[AJP Desk Column] It Started with Just One Line. That's Why Netflix Became BTS's Natural Choice
At midnight on January 14, a single line appeared on HYBE's fan platform Weverse and on X (formerly Twitter).
"BTS to begin a world tour in 34 cities across North America, Europe, and South America on April 9."
That's was all.
There was no press release.
No press conference.
Just a short notice posted in a fan platform.
The response came faster than expected.
Within half a day, 280,000 comments in various languages poured in from around the world, and the post on X recorded 25.32 million views.
BBC, Billboard, The New York Times, and Forbes all cited this "one-time announcement" in real time.
This scene clearly shows the stage that BTS's global influence has reached.
Now, BTS's "official announcements" no longer begin with the media, but in fan platforms. Global media simply follow and translate them.

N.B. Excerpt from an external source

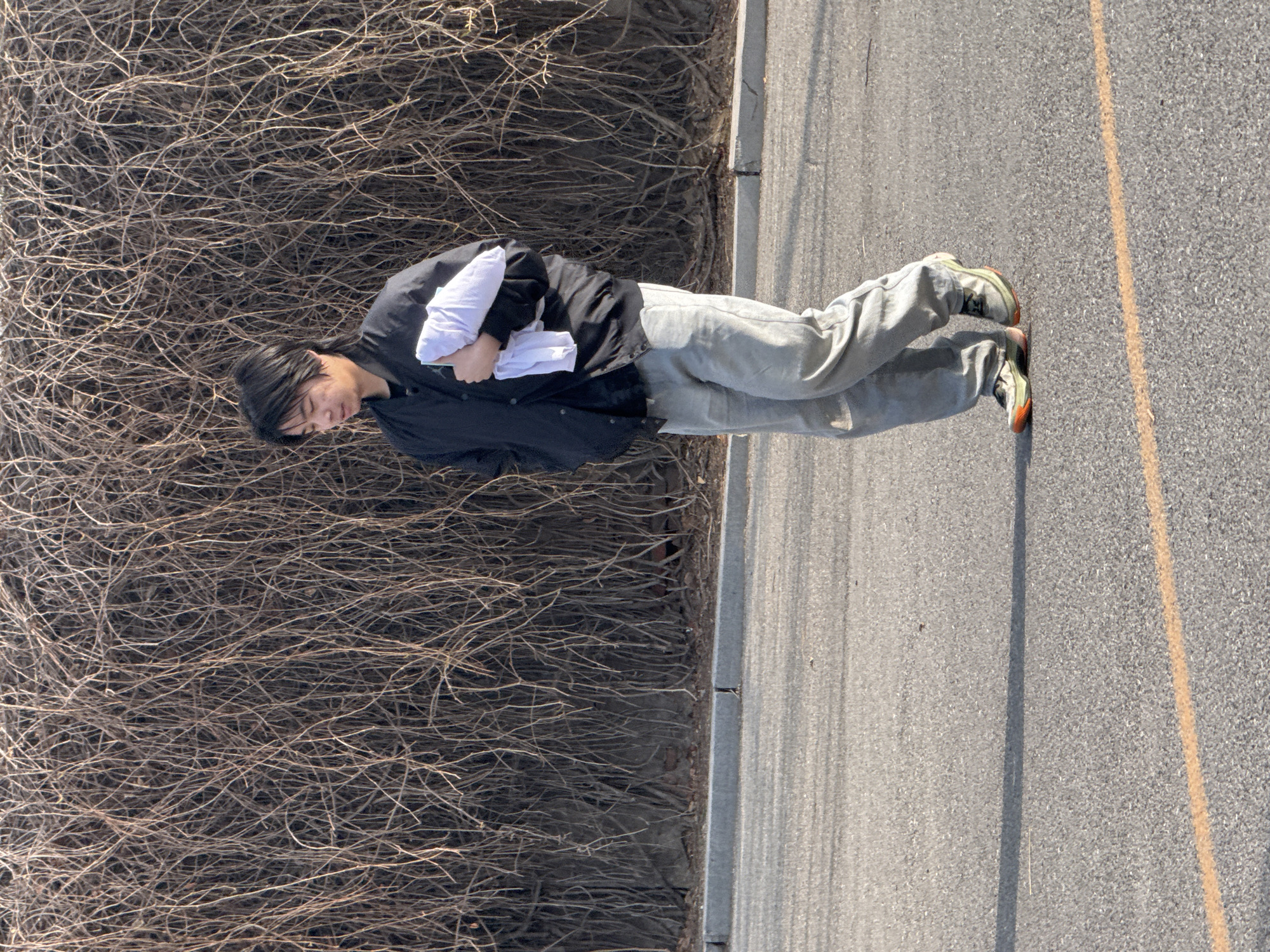 A person stands on a paved surface with a yellow line marking a lane. The person wears gray pants, a black jacket, and multi-colored sneakers and holds a white object in their arms. To the left, a dense thicket of interwoven bare branches extends along the edge of the paved area. The scene's specific location in Zhongtun, China cannot be determined from the image.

Seen in this context, it is not surprising at all—rather, it is natural—that BTS's comeback concert at Gwanghwamun on March 21 will be streamed exclusively live on Netflix instead of being broadcast by traditional TV networks.
Broadcast television is still a powerful medium. However, its strength is confined by regions. It operates within the framework of schedules, broadcasting zones, and rating estimates.
In contrast, BTS's comeback is not meant to be measured on a domestic scale from the start. Its essence lies in simultaneity: the entire world sharing the same screen, at the same time, on the same day.
Platforms see this simultaneously not as a cost, but as value.
For Netflix, live streaming is not merely "broadcasting." It is a tool that binds subscriber experiences together.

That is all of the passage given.